> _SOURCE INFORMATION_
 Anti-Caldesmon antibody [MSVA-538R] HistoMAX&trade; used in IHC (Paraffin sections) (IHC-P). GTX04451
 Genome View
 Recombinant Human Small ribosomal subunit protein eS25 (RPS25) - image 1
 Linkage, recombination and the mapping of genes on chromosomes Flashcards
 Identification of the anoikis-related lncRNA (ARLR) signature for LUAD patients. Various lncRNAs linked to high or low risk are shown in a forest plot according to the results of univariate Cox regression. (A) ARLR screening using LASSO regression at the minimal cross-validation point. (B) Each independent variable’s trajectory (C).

> _DIRECTIONS_
A verbatim copy of the lines from the one with "Linkage, recombination and" to the end of the listing is the whole answer.

> _ANSWER TO THIS PROBLEM_
 Linkage, recombination and the mapping of genes on chromosomes Flashcards
 Identification of the anoikis-related lncRNA (ARLR) signature for LUAD patients. Various lncRNAs linked to high or low risk are shown in a forest plot according to the results of univariate Cox regression. (A) ARLR screening using LASSO regression at the minimal cross-validation point. (B) Each independent variable’s trajectory (C).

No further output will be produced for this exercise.